Original article at http://www.shrm.org/hrmagazine/articles/0406/0406books.asp, originally published in HR Magazine (link only available to SHRM members).


Financial Intelligence
By Karen Berman and Joe Knight with John Case, Harvard Business School Press, 2006
List price: $24.95, 288 pages, ISBN: 1-59139-764-2

Hate math? Do you cringe at the thought that “financial intelligence” means suffering through Accounting 101 when all you want to do is get on with running your project or department?

Authors Karen Berman and Joe Knight don’t want to turn managers into accountants; they just want managers at all levels to become financially literate. This book is, in their words, “a manager’s guide to knowing what the numbers really mean.”

Berman and Knight, co-owners of the Business Literacy Institute, say that readers who finish Financial Intelligence will understand that many of the figures they see from the finance department are estimates, and estimates can be questioned. Much of finance is art as well as craft, they say; estimates and analyses are applied to numbers and affect conclusions about them, and managers who understand this are already on the way to more-confident interactions with finance.

The book’s short chapters are peppered with pithy definitions of financial terms in easy-to-find boxes. Berman and Knight teach readers to interpret an income statement, a balance sheet and a cash flow statement—and how to spot critical differences between these documents.

Financial Intelligence explains costs of goods sold and costs of services, looks at operating expenses, and shows how depreciation and amortization are powerful (and often unrecognized) expenses that can affect businesses profoundly.

A chapter on profit’s many forms reveals how choices about when to claim revenue or what to include as costs affect profit. The book covers types of assets and liabilities, explains owner’s equity—what’s left after you subtract liabilities from assets—and shows “why the balance sheet balances.”

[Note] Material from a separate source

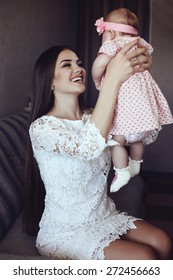 Fashion Interior Photo Of Beautiful Mother With Long Dark Hair In Elegant Lace Dress Holding Her Little Cute Baby Girl In Hands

Berman and Knight give special attention to cash because managers tend to ignore it. But managers affect cash in many ways, from sales managers who get customers to pay bills on time, to plant managers who order extra equipment just to have it on hand “in case,” to credit managers who give credit too easily or who withhold it too readily.

The book demystifies ratios—the relationship of one number to another—and the power of ratios to uncover numbers’ real meanings. Knowing how to use ratios can reveal trends like whether profit relative to sales is up or down and whether your company can meet its payroll.

A section on return on investment (ROI) teaches readers to calculate ROI three ways and includes a brief guide for preparing a proposal—for a new piece of equipment, a new marketing campaign, or any expenditure—that shows ROI in clear steps. The book also looks at the impact managers have on inventory and the role they play in collecting customers’ cash.